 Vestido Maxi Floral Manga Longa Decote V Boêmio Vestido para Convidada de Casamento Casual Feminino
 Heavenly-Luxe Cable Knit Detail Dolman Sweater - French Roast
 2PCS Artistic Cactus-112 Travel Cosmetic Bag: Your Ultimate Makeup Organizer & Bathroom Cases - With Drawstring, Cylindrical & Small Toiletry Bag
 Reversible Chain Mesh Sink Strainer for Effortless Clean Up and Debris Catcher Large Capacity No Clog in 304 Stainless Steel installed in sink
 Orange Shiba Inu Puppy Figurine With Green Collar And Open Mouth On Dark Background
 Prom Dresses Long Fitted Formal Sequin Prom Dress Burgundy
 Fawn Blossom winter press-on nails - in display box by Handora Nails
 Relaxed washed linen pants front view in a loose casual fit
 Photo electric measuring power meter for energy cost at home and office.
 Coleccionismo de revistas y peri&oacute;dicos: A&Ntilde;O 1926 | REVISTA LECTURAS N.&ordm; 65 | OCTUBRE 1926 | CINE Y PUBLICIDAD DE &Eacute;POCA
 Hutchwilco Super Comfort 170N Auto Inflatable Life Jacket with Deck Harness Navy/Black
-*-
■ What is required: Could you retype exactly the lines above, starting at the line that contains "Reversible Chain Mesh" and ending at the line that contains "Fawn Blossom winter", and nothing more?

■ Written solution:
 Reversible Chain Mesh Sink Strainer for Effortless Clean Up and Debris Catcher Large Capacity No Clog in 304 Stainless Steel installed in sink
 Orange Shiba Inu Puppy Figurine With Green Collar And Open Mouth On Dark Background
 Prom Dresses Long Fitted Formal Sequin Prom Dress Burgundy
 Fawn Blossom winter press-on nails - in display box by Handora Nails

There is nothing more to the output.